4.6. The recursive algorithm

As discussed in Section 4.3, “Overview of the solution algorithm”, recursive solution relies on organizing the set of slots into an ordered set. Once we know which slot is considered the first slot, we try all the different choices for the first slot, then try all the different choices for the second slot, and so forth until we either reach a solution, or we reach a contradiction—where there are no remaining candidates for a given slot.

The recursive method for a given slot assumes that all previous slots have been solved (that is, that each has exactly one word choice remaining). The recursive method is a generator: it generates all the solutions that start at the current state of the puzzle, if there are any solutions based on the current state.

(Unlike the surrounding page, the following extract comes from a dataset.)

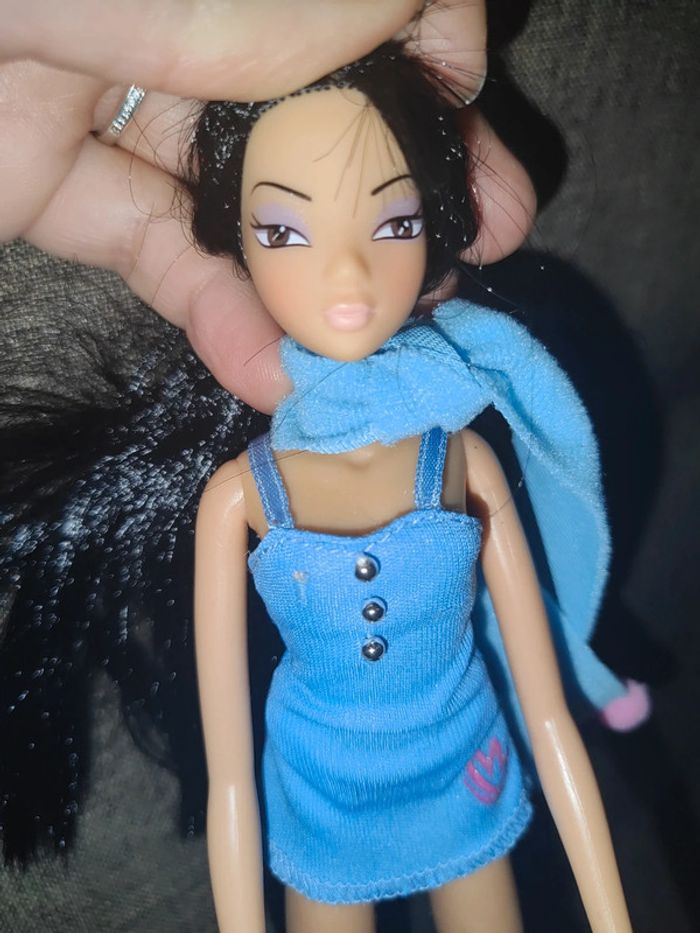 Poupée Hi Glamm 35 cm - photo numéro 3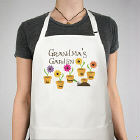Garden Personalized Apron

The basis case for recursion is when we reach the last slot and there is only word that fits that slot. This means that the current state is a solution to the puzzle, so the method yields self, which is yielded back through all the recursive layers and finally yielded by the first-level method of the recursive algorithm.

If we reach a slot and there are no choices left for the slot, the recursive method raises a StopIteration exception to signify that there are no solutions based on the current state.

The general case is when the current slot has multiple choices remaining. This case is easy to describe in general: we try each of the remaining choices for the current slot, and for each choice, try recursively to solve the remaining slots.

This is tricky because we may have to backtrack some of the actions that occur during recursive solution.

For example, suppose we only have three unsolved slots: call them A, B, and C, in order.

So we pick one of the words that is still a choice for slot A, and recur until we reach the recursion for slot B. At that point we pick the first choice for slot B and recur. But then suppose later we find that with those choices for slots A and B, none of the choices for slot C work anymore.

At that point, the choices that we removed from slot C must be put back. This is where the backtracking comes in.

So the backtracking is handled in the recursive algorithm in this way. At this point, we are assuming that the current slot is not the last slot, and that there are two or more choices for that slot.

  1. Remember the current set of choices for the slot.

  2. Temporarily remove all those choices from the slot.

  3. For each of the original choices:

    1. Reinstate that choice for this slot.

    2. Recursively call the solver method starting at the following slot.

    3. Remove that same choice from the slot's choices.

  4. Reinstate all the original choices for this slot.

4.7. The WordBank class

The algorithms described in the previous sections need two subtle features:

Accordingly, we define a class WordBank that contains these mechanisms.

  • An instance of this class is primarily a container for the word list.

  • This instance is the logical place to hold the current list of word choices for each slot. We can keep a running count of the total number of choices for the entire puzzle. When this count is exactly the same as the number of slots, we know that there is only one choice per slot, hence the puzzle is solved. The obvious data structure here is a dictionary whose keys are slot instances, and each related value is a list of the word choices for that slot.

    Furthermore, the cyclic reduction algorithm can record the value of this running count before each pass through the set of slots, and then check it again after the pass. If the value has not changed, we know we have reached the point where we are no longer eliminating choices.

  • Building and reducing the list of choices for each slot will be done by calling methods on this instance. Method .mayBe() tells the instance that a given word may be the solution to a given slot; method .isNot() tells the instance that a given word is not the solution to a given slot.

  • Applying the unique-slot test (see Section 4.5, “Cyclic reduction”) means that we need to know the set of slots that include a given word in their choices. This will be implemented by a dictionary whose keys are the words in the puzzle, and each corresponding value is a list of the slots for which this word is still one of the choices.